Supplied data section start

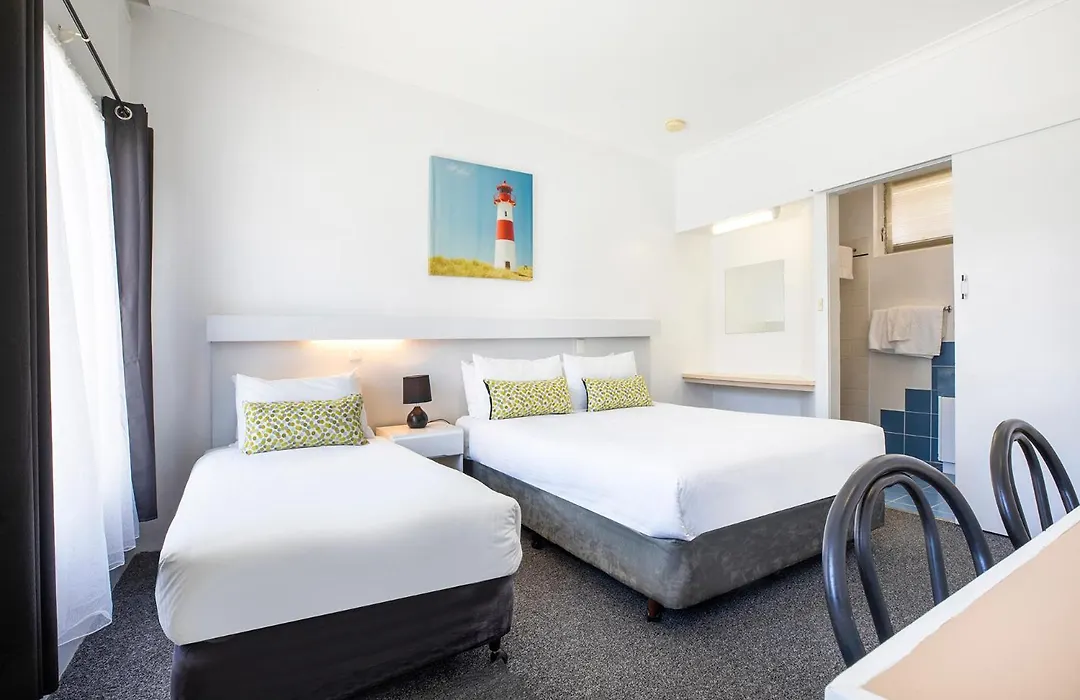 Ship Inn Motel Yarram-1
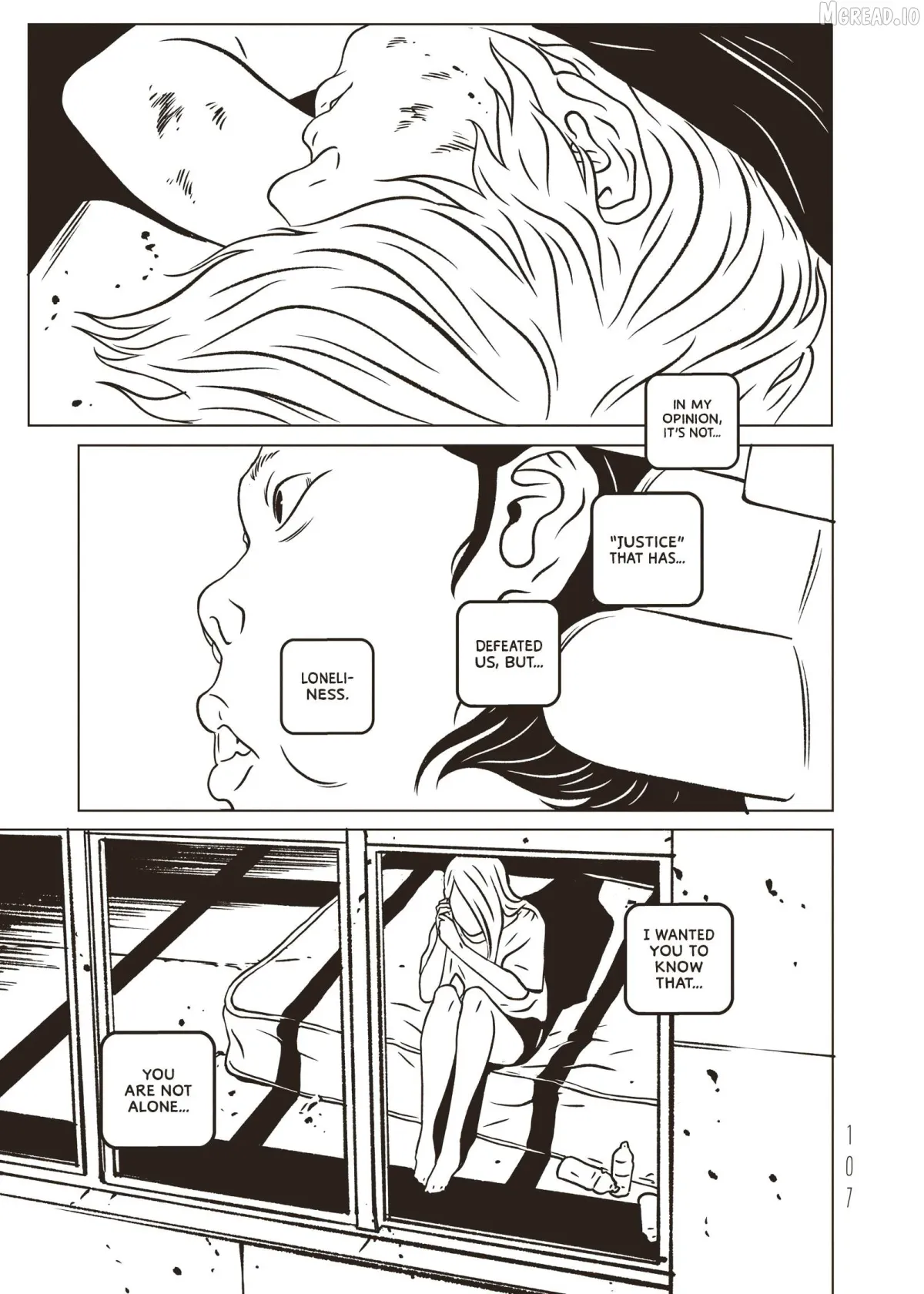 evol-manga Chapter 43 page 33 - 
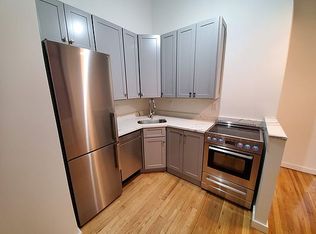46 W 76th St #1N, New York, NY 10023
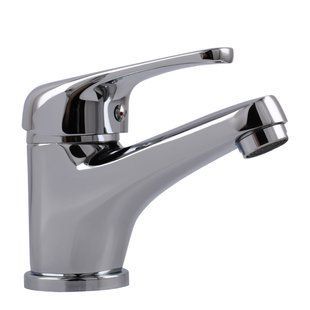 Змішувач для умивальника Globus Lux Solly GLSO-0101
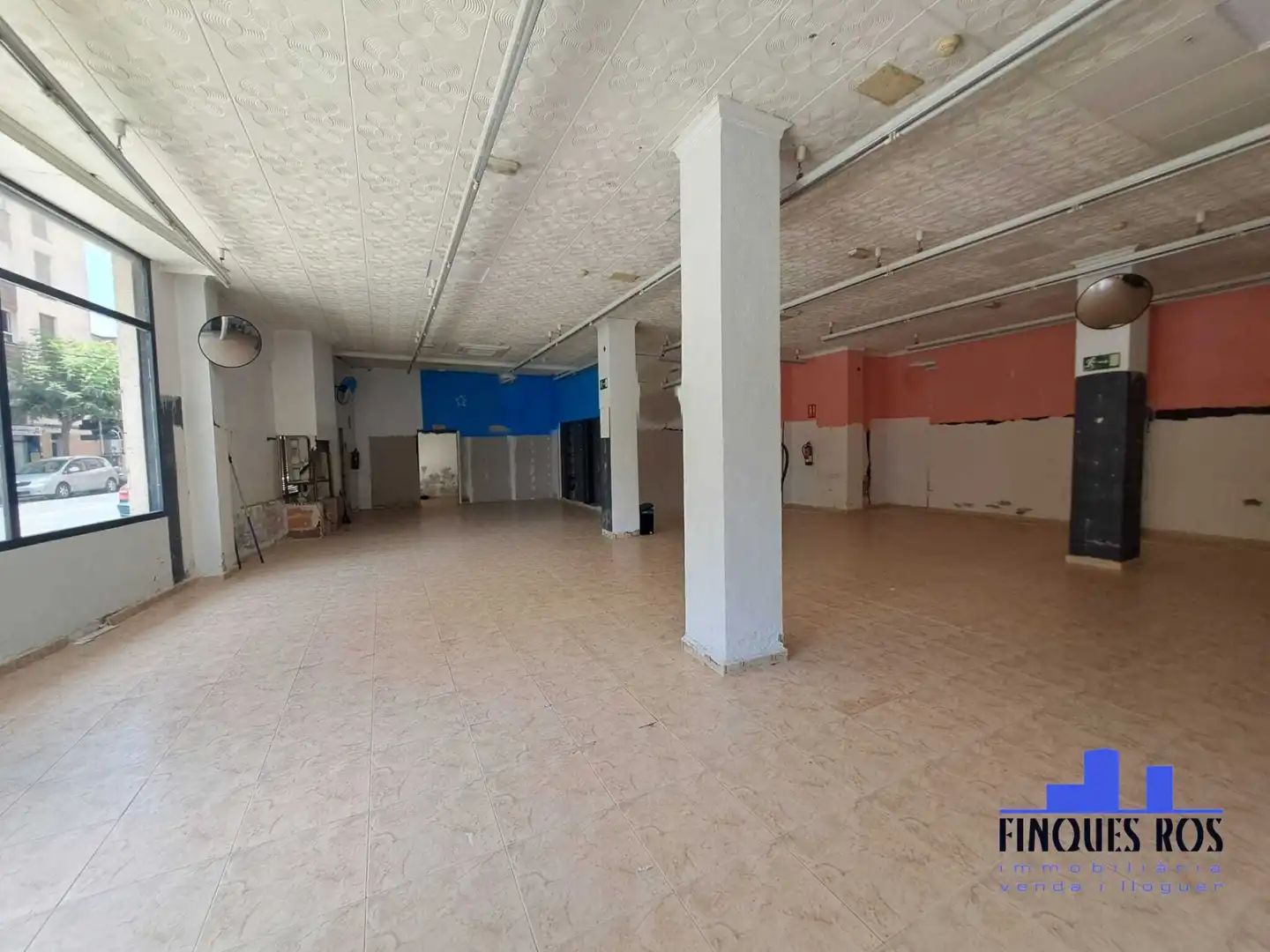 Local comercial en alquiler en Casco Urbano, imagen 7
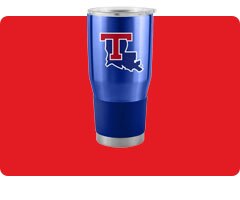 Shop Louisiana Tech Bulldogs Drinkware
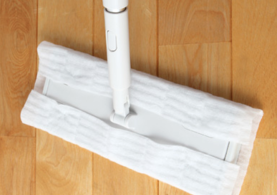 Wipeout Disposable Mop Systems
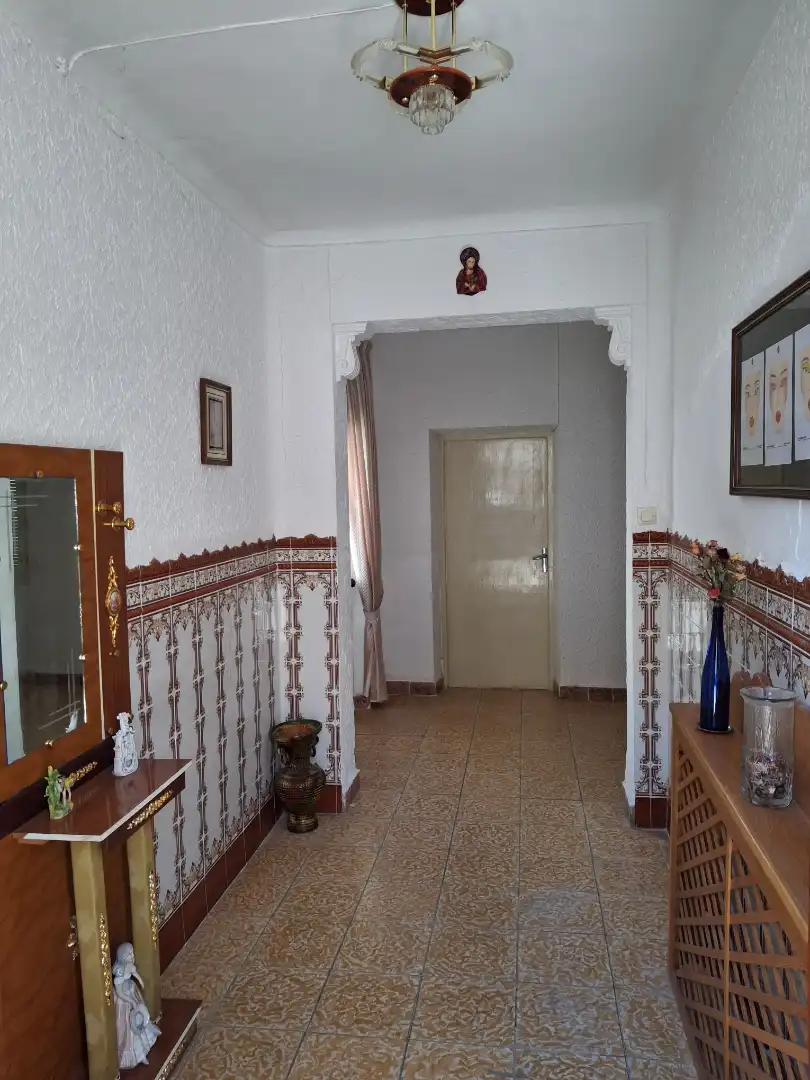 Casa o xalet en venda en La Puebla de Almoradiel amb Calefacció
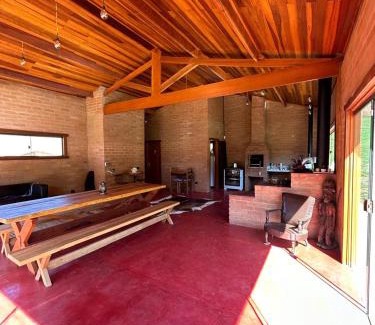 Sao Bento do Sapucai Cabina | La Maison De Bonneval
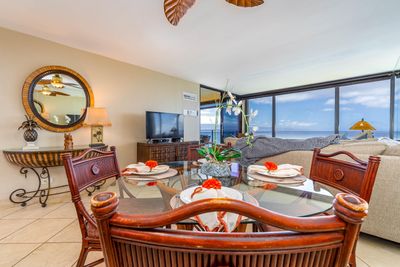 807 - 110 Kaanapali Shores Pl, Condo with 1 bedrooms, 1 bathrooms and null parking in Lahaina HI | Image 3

Supplied data section end

▶ _Instructions to follow_
Copy out exactly the lines between the line containing "Змішувач для умивальника" and the end of the entries, including both, and leave the pictures behind.

▶ _Result of this exercise_
 Змішувач для умивальника Globus Lux Solly GLSO-0101
 Local comercial en alquiler en Casco Urbano, imagen 7
 Shop Louisiana Tech Bulldogs Drinkware
 Wipeout Disposable Mop Systems
 Casa o xalet en venda en La Puebla de Almoradiel amb Calefacció
 Sao Bento do Sapucai Cabina | La Maison De Bonneval
 807 - 110 Kaanapali Shores Pl, Condo with 1 bedrooms, 1 bathrooms and null parking in Lahaina HI | Image 3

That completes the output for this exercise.